(Beginning of Source data)

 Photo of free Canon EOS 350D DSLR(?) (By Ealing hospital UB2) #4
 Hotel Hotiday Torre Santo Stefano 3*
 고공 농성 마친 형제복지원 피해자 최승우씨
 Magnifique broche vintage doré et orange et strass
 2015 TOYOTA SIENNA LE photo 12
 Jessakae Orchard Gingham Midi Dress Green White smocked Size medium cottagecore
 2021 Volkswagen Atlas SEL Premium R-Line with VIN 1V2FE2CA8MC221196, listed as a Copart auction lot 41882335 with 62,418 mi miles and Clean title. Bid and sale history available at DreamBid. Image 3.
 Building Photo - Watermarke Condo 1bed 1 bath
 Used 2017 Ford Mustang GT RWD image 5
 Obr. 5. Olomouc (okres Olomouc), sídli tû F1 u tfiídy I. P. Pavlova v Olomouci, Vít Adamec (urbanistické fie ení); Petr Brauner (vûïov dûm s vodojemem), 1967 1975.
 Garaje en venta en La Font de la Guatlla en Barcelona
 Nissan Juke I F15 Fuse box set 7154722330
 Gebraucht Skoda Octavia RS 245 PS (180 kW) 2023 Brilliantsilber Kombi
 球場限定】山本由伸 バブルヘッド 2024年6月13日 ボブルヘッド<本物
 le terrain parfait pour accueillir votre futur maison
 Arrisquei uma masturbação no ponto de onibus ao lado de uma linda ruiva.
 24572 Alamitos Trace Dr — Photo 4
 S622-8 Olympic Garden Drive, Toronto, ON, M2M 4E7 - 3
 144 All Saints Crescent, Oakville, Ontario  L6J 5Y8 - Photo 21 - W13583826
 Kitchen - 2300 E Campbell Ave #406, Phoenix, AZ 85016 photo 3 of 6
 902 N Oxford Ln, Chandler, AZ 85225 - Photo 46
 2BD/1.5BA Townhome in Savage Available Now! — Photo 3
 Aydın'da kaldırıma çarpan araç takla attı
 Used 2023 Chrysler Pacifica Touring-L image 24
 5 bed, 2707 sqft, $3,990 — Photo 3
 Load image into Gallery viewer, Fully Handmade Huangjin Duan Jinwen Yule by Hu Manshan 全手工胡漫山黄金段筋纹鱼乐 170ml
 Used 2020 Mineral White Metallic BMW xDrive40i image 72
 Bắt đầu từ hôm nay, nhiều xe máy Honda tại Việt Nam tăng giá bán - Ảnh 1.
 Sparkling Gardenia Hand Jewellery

(End of Source data)

What is required: From the records above, copy each line where the word "White" can be found.

Solved exercise:
 Jessakae Orchard Gingham Midi Dress Green White smocked Size medium cottagecore
 Used 2020 Mineral White Metallic BMW xDrive40i image 72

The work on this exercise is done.